# Richtige miese Masche - schon bekannt?



## sascha (26 April 2004)

Schlug bei einer Kollegin per Fax auf - die natürlich nicht Susanne heißt. Man beachte dabei ganz unten die letzte Zeile. Habs ausprobiert. Wer da anruft, landet in einem Menü, wo man sich von etwas abmelden kann, zu dem man sich - zumindest wissentlich - wohl nie angemeldet hat.


----------



## technofreak (26 April 2004)

mmh , 069 als Vorwahl, das kommt mir aber sehr bekannt vor ....

tf


----------



## sascha (26 April 2004)

technofreak schrieb:
			
		

> mmh , 069 als Vorwahl, das kommt mir aber sehr bekannt vor ....
> 
> tf



Das war auch mein erster Gedanke. Andererseits ist Frankfurt groß. Im Tipp-Menü musst/sollst Du jedenfalls tatsächlich Deine Telefonnummer eintippen. Wer weiß, was Du anschließend schriftlich bekommst. Im geringsten Fall ist Deine Nummer verifiziert und Futter für die Spammer der Welt...


----------



## technofreak (26 April 2004)

Mein erster Gedanke galt eher der im Text  aufgeführten Nummer mit dem "Verlockungsangebot" 
wo man angeblich per Fax Infos abrufen kann, (bei angeblich 75% lassen viele ihren Verstand ruhen....)
das klingt für mich mindestens so fragwürdig  wie die Nummer in der unteren Zeile. Faxabruf
 übermittelt schließlich auch bei CLIP die Rufnummer, und wer weiß, was da wieder draus
 "gebastelt" werden kann.


----------



## sascha (26 April 2004)

> Faxabruf
> übermittelt schließlich auch bei CLIP die Rufnummer, und wer weiß, was da wieder draus
> "gebastelt" werden kann.



Exakt das ist die Gefahr - eine von vielen. Über den Einfallsreichtum unseriöser Geschäftsleute bin ich trotzdem immer wieder erstaunt...


----------



## Aka-Aka (27 April 2004)

Mit der Endung -14 statt -19 ist die Nummer als ALDI-Spam-FAX notiert...

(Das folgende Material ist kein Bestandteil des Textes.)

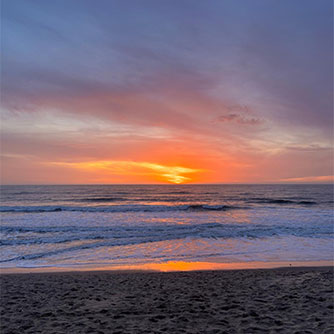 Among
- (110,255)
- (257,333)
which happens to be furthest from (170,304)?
(110,255)

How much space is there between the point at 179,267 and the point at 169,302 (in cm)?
381

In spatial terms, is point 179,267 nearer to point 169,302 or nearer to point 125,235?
point 169,302

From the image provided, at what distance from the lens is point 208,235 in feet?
55.1

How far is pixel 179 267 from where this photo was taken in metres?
10.2

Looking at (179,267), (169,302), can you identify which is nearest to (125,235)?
(179,267)

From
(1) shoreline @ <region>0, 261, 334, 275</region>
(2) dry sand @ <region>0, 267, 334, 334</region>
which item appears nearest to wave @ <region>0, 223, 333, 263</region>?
(1) shoreline @ <region>0, 261, 334, 275</region>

Zugeteilt ist die Nummer (afaik gilt das für alle 069-2549****) an:

Mark** Dial** GmbH.
Königsberger*** 1
60487 Frankfurt

(Quelle:  spammer-hammer , gaaanz unten stehts  )


____

edit 29.04.: Heute kam meine Frau angelaufen mit einem Fax an ihre Freundin und fragte, ob ich's kenne. Sie hätte schon mehrere gekriegt. Es ist identisch mit dem von Dir hier vorgestellten faxTja, computerbetrug/dialerschutz-Leser sind gewappnet


----------